Why Thank you, Suzan, I think I have put one together (petition for Mandamus), but I don't want to file it before I find someone with a bar number willing do do the oral argument because she isn't up to that. Cartersville, GA is a small town < 20,000 so almost impossible to get a local attorney to do anything, but that is where I'm at. Thanks, so much for the kind comment, people just have no idea what's out there and when they do they suddenly find themselves just trying to survive never mind important principles like "due process".

RockDots said...

Great piece, DG. My dad protected us kids from knowing what unfathomable jerks he worked for, but in the end they finally got themselves into a situation they couldn't lie their way out of and blew themselves up (not literally, alas).

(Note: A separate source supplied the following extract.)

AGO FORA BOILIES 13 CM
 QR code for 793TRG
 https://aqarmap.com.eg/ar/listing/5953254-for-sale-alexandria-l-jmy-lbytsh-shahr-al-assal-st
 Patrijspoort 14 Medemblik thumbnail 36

I think that if he were to actually to undertake The Case of the Missing Salad Bar, Private Eye Bobo Brooks would undoubtedly collar the same perp that Tracer Bullet did here.

Rev.Paperboy said...

Those who pay attention to the media will understand what I mean when I say "the truth" or "the facts" or "objective reality" is (or should be) the partner of every reporter, journalist, muckraker, columnist and editor. With that in mind:

“When a man's partner is killed he's supposed to do something about it. It doesn't make any difference what you thought of him. He was your partner and you're supposed to do something about it. Then it happens we were in the detective (pundit) business. Well, when one of your organization gets killed it's bad business to let the killer get away with it. It's bad all around-bad for that one organization, bad for every detective (pundit) everywhere.

If our Miss Brooks is lucky they won't stretch his pretty neck for him, but I won't play the sap for him.

Gene Oberto said...

Drifty,

Big fan of both writers, but reading the piece I'm reminded of Dylan, Bob that is,

"To live outside the law, you must be honest."